「女が学問をすれば生意気になる」「結婚が遅れる」などという男尊女卑の考えが根強い。地方ではとくにその傾向が強い。そんな古い思考の親たちが好みそうな、良妻賢母教育を方針とする日系の女学校でも、地方都市ではどこも苦戦していた。そのなかで、田舎ではいまだに邪教のイメージも強いキリスト教系の高田女学校に、創立当時の2倍にもなる60人以上の生徒が在籍していたというから、これはかなりの大健闘といえる。

地方にも欧化や文明開花の波が押し寄せてきたタイミングで“ハイカラな女学校”のイメージ戦略が上手くハマッたようだった。

学外では廃娼運動に力を入れる

高田女学校には親元を離れて入学してくる娘も多く、そのため学校敷地内に寄宿舎が完備してある。和もこの寄宿舎に住み込んで、生徒取締役と舎監を兼務した。が…学校の仕事よりもむしろ学外の活動が忙しい。

当時、高田では廃娼運動もさかんだった。明治19年(1886)に、アメリカの女性キリスト教禁酒同盟(WCTU)の影響を受けて東京婦人矯風会が設立された。禁酒だけではなく、公娼制度などの社会悪を正そうという活動も広げていた。その会頭には、和が桜井女学校の看護婦養成所で学んでいた頃の校長・矢嶋楫子が就任していた。

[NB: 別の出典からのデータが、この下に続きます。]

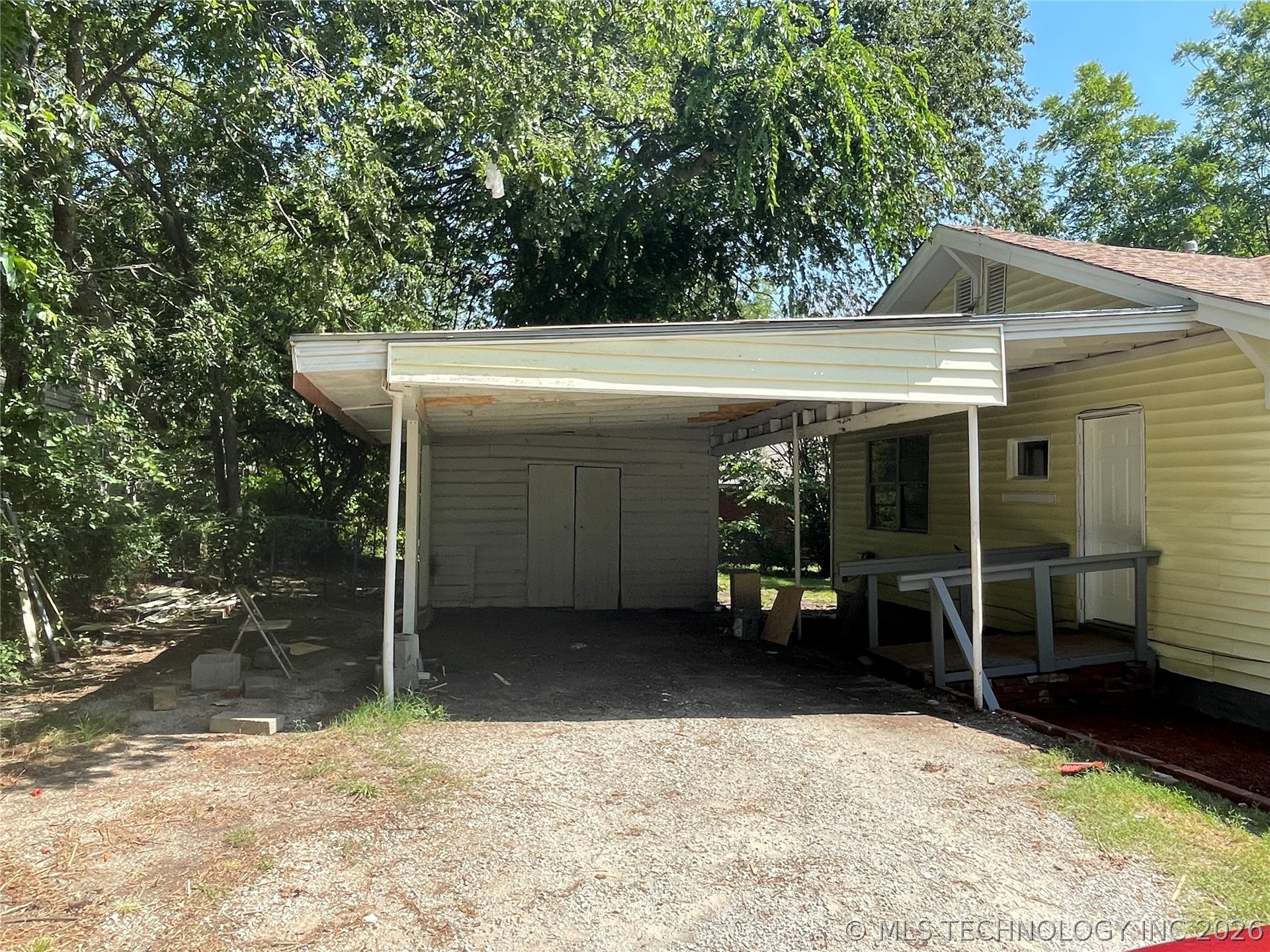 500 W 16 Street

和も高田に来てからこの活動に参加するようになる。正義感の強い彼女には、いまだ公然と売春がおこなわれていることが許せない。かなり前のめりになっている。

高田城。高田は城を中心に形成された城下町だ(筆者撮影)
高田城。高田は城を中心に形成された城下町だ(筆者撮影)

明治5年(1872)には「芸娼解放令」の通称で知られる太政官布告により、人身売買の禁止と芸娼妓の解放が命じられた。しかし、売春を禁じる法律はない。遊郭は各府県から「貸座敷」として引きつづき営業を許可され、娼妓たちは「自ら志願してきた者」として登録する。行政が売春を認めて管理する公娼制度が確立された。

芸娼妓は自らの意思で売春業に従事し、貸座敷と提携して商売をする個人事業主であり、いつでも自分の意思で廃業できる。というのがタテマエだが、実際には前借金を盾にとって業者は娼妓を拘束する。しかし、行政側は“自主契約”“自発的就業”と見なして介入してこない。結果、芸娼解放令は名ばかりザル法に。女性たちの受難はつづくことになる。